* [Exercise directions]
Only text lines belong in the answer: the lines from the first one in the records through the line with "So long story", copied exactly.

[Input for this task — start]

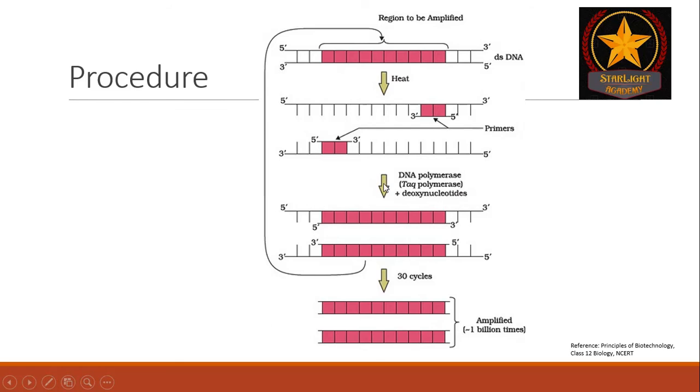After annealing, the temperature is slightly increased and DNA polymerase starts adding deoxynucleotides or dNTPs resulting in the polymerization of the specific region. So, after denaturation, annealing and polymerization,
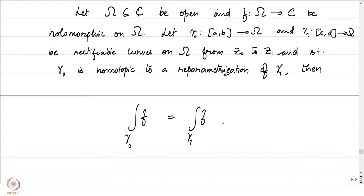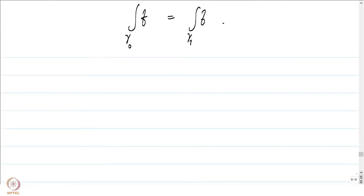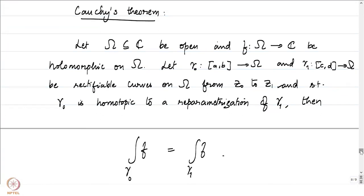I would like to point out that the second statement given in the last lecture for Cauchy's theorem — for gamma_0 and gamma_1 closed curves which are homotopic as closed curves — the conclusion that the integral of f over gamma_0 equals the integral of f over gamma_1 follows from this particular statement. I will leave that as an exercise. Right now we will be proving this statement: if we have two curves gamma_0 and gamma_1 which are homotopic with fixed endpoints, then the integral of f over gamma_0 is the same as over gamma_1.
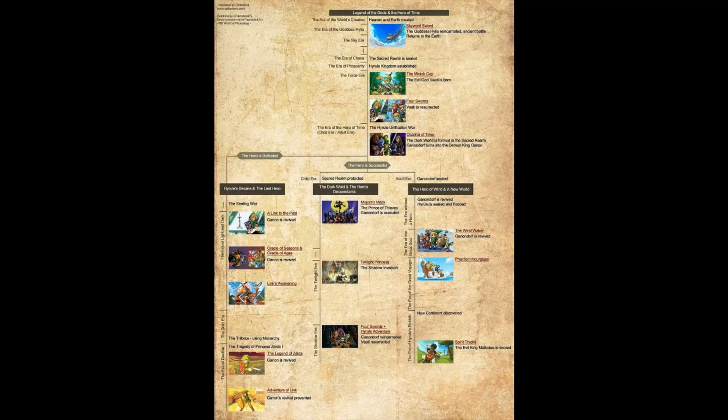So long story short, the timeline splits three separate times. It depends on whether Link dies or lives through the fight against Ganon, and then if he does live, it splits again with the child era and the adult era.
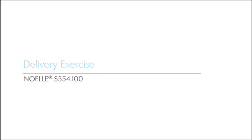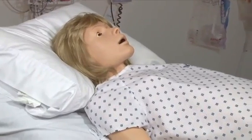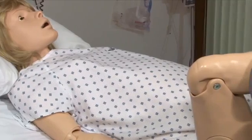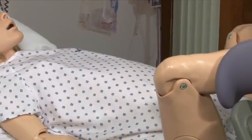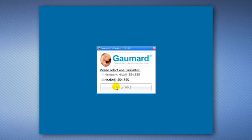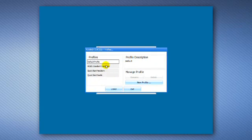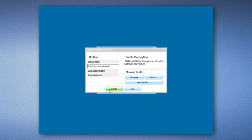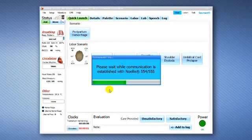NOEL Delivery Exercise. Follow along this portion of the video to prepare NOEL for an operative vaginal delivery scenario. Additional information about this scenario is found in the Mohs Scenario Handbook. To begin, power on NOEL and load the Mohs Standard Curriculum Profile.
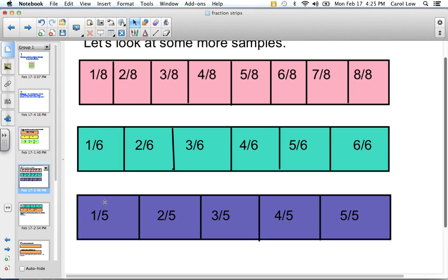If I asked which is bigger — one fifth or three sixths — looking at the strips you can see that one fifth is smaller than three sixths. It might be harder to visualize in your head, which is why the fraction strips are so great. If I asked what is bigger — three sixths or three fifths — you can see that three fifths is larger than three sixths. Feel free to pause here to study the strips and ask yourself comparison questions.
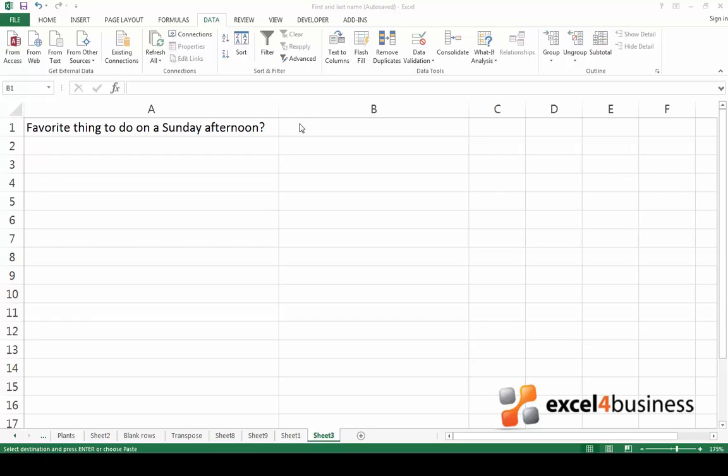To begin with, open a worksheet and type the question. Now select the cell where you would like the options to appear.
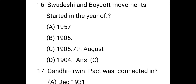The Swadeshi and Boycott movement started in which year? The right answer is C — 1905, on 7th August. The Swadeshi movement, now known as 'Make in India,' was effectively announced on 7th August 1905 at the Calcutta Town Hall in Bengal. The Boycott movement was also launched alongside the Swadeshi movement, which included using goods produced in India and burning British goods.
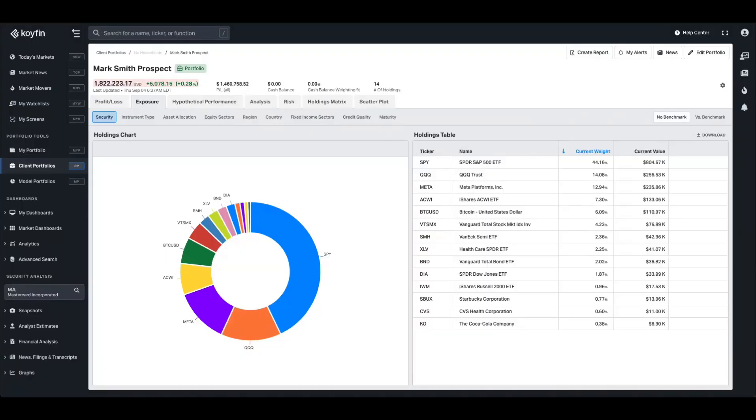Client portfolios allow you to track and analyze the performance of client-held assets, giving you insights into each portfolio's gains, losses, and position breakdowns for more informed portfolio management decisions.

[Input for this task — finish]

* [Expected answer]
After annealing, the temperature is slightly increased and DNA polymerase starts adding deoxynucleotides or dNTPs resulting in the polymerization of the specific region. So, after denaturation, annealing and polymerization,
I would like to point out that the second statement given in the last lecture for Cauchy's theorem — for gamma_0 and gamma_1 closed curves which are homotopic as closed curves — the conclusion that the integral of f over gamma_0 equals the integral of f over gamma_1 follows from this particular statement. I will leave that as an exercise. Right now we will be proving this statement: if we have two curves gamma_0 and gamma_1 which are homotopic with fixed endpoints, then the integral of f over gamma_0 is the same as over gamma_1.
So long story short, the timeline splits three separate times. It depends on whether Link dies or lives through the fight against Ganon, and then if he does live, it splits again with the child era and the adult era.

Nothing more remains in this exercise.